Seit 18 Jahren wartet Nordmazedonien auf einen EU-Beitritt. Griechenland gab seinen Widerstand nach zehn Jahren mit der Beilegung des Namensstreits auf. Dann blockierte Bulgarien. Das Nachbarland müsse erst auf Forderungen betreffend Minderheiten, Sprache und Geschichtsschreibung eingehen.

Frankreich präsentierte einen Kompromissvorschlag, der den Dauerstreit beilegen soll. Sofia zeigt sich aufgeschlossen. In Skopje warb der Präsident des Europäischen Rates Charles Michel, der auch mit Ministerpräsident Dimitar Kovačevski zusammentraf, für den Vorschlag. Auch der nordmazedonische Präsident Stevo Pendarovski kann dem Vorschlag viel abgewinnen. Die Regierung versucht eine breite Zustimmung zu erreichen, doch der Opposition und vielen Nordmazedoniern gehen die Zugeständnisse an Bulgarien zu weit, es gibt Proteste.

Der nordmazedonische Präsident Stevo Pendarovski will den Streit mit Bulgarien hinter sich bringen
Der nordmazedonische Präsident Stevo Pendarovski will den Streit mit Bulgarien hinter sich bringen © IMAGO/Agencia EFE (IMAGO/JJ. GUILLEN)

Demonstranten sehen nationale Identität gefährdet

Viele Menschen fürchten, ihnen werde die Änderung ihrer nationalen Identität aufgezwungen, um Sofia gnädig zu stimmen. Dem entgegnet Pendarovski: "Der Vorschlag sieht vor, dass die bulgarische Minderheit in unserer Verfassung verankert wird. Das will auch Bulgarien. Doch der Vorschlag enthält nicht die bulgarische Haltung, wonach unsere Sprache bis 1944 ein bulgarischer Dialekt war und die mazedonische Nation erst 1944/45 durch einen Erlass von Marschall Josip Tito geschaffen wurde."
Zugleich kritisiert Pendarovski aber auch Teile des Vorschlags.

Die darin vorgesehene Verfassungsänderung, die die bulgarische Volksgruppe in der Präambel verankern sollte, sei realistisch nicht umsetzbar.

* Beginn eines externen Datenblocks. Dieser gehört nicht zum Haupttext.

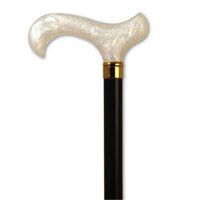 Wood Cane - Acrylic With Derby Handle Pearl. This wood walking cane Has a height approx 36 - 37", construted in solid wood black stained shaft. Walk In style with this fashionable cane. This wood cane has a capacity of 250 pounds.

Die nötige Zwei-Drittel-Mehrheit sei in dieser so emotionalen Frage nur schwer zu erreichen. "Somit versteckt sich hinter dem französischen Vorschlag eine De-facto-Blockade", betont der nordmazedonische Präsident.

Pendarovski warnt davor, dass sich der Traum von einem vereinten Europa nicht in das verwandeln dürfe, das "die Kommunisten 45 Jahre lang propagiert haben": eine klassenlose Gesellschaft, in der man alles bekomme, das man sich wünscht. Der europäische Traum dürfe nicht auch zur Illusion werden. In der Frage der EU-Erweiterung gehe es um mehr als nur Nordmazedonien oder den Westbalkan.

Es sei möglich, dass sich die Bürger aufgrund europäischer Doppelstandards künftig an jene Parteien wenden, die Europa den Rücken kehren wollen – also Populisten, die sich künftig dem eurasischen Raum zuwenden wollen. Damit meint Pendarovski wohl auch Russland.